Abstract

This manuscript deals with the task of real-time speaker diarization (SD) for stream-wise data processing. Therefore, in contrast to most of the existing papers, it considers not only the accuracy but also the computational demands of individual investigated methods. We first propose a new lightweight scheme allowing us to perform speaker diarization of streamed audio data. Our approach utilizes a modified residual network with squeeze-and-excitation blocks (SE-ResNet-34) to extract speaker embeddings in an optimized way using cached buffers. These embeddings are subsequently used for voice activity detection (VAD) and block-online k-means clustering with a look-ahead mechanism.
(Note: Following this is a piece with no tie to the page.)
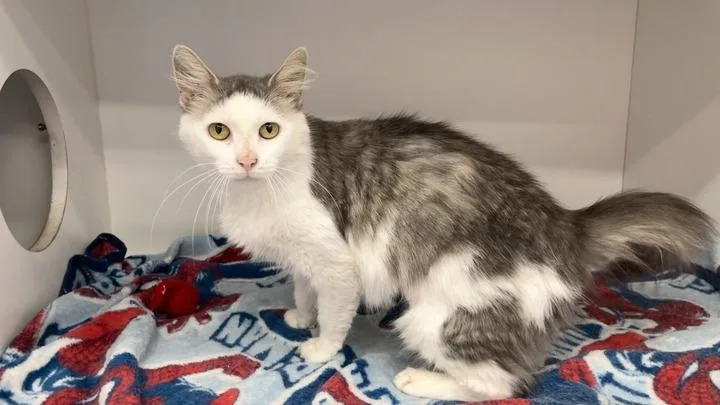 An adult medium-sized female Gray & White Domestic Medium Hair cat named Ekg for adoption in Chestertown, MD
The described scheme yields results similar to the reference offline system while operating solely on a CPU with a low real-time factor (RTF) below 0.1 and a constant latency of around 5.5 s. In the next part of the work, our research moves toward much more demanding and complex real-time processing of audio-visual data streams. For this purpose, we extend the above-mentioned scheme for audio data processing by adding an audio-video module. This module utilizes SyncNet combined with visual embeddings for identity tracking. Our resulting multi-modal SD framework then combines the outputs from audio and audio-video modules by using a new overlap-based fusion strategy. It yields diarization error rates that are competitive with the existing state-of-the-art offline audio-visual methods while allowing us to process various audio-video streams, e.g., from Internet or TV broadcasts, in real-time using GPU and with the same latency as for audio data processing.